León, León, León

Lo que seguro "Trotsky" no representa es un ardid stalinista para manchar la reputación del líder revolucionario

 

Entre la irritante idea de “cometer el pecado de tomarse demasiado en serio todo” y la advertencia de “estar viendo propaganda rusa”, se encuentra aquello que llamamos posverdad. A la liviandad del primer comentario leído en La Nación y a la cínica y típica advertencia anticomunista yanqui, se le suma la necesaria reivindicación de la figura del revolucionario soviético que firman desde el nieto de Trotsky, los reconocidos intelectuales Slavoj Žižek y Fredric Jameson hasta Horacio González y Myriam Bregman, entre muchxs otrxs. La serie Trotsky que ahora se difunde masivamente por Netflix disparó el debate.

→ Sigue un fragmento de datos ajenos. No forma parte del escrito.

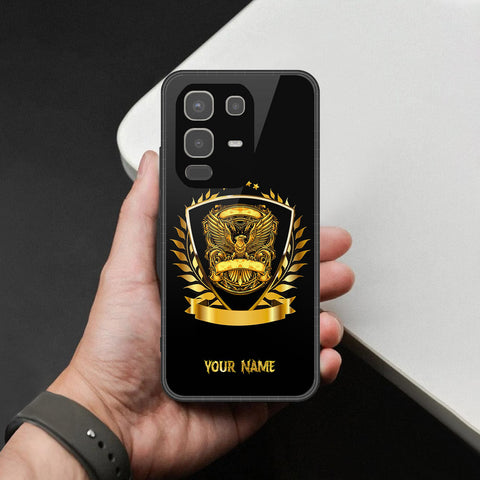 Infinix Note 50x Cover - Gold Series - HQ Premium Shine Durable Shatterproof Case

¿Qué es Trotsky? Entenderlo como un simple producto de la industria cultural o como un vil mecanismo de la vieja escuela de propaganda estalinista probablemente nos inhiba de captar su completo sentido. Sin duda, algo de cada cosa está presente. Pero no alcanza con enumerar en clave positivista todas las tergiversaciones de la serie, que sólo malintencionadamente pueden llamarse “licencias históricas”. Desde una posición crítica y anticapitalista, resulta inerme denunciar un ataque a la figura de Trotsky sin comprender que esta serie representa el ingreso con pie de plomo de la Rusia “ortodoxa” en el mundo de la hegemonía posmoderna.

 

Una serie mala leche

Trotsky es en primer lugar una serie malintencionada. Está plagada de tergiversaciones fácticas y se asienta en una lectura individualista de los procesos históricos. No hay más actores que líderes políticos mesiánicos, manipuladores y viles. Sobre esto apuntan correctamente los planteos del comunicado difundido en defensa de Trotsky. Basta solo con mencionar el ficcionado careo en Viena entre el líder revolucionario y Sigmund Freud, el psicoanalista que se estaba consagrando con su develación  del inconsciente en el mundo moderno, quien advierte en las pupilas de su retador intelectual un homicida serial y por ello le pide que sea su caso de estudio.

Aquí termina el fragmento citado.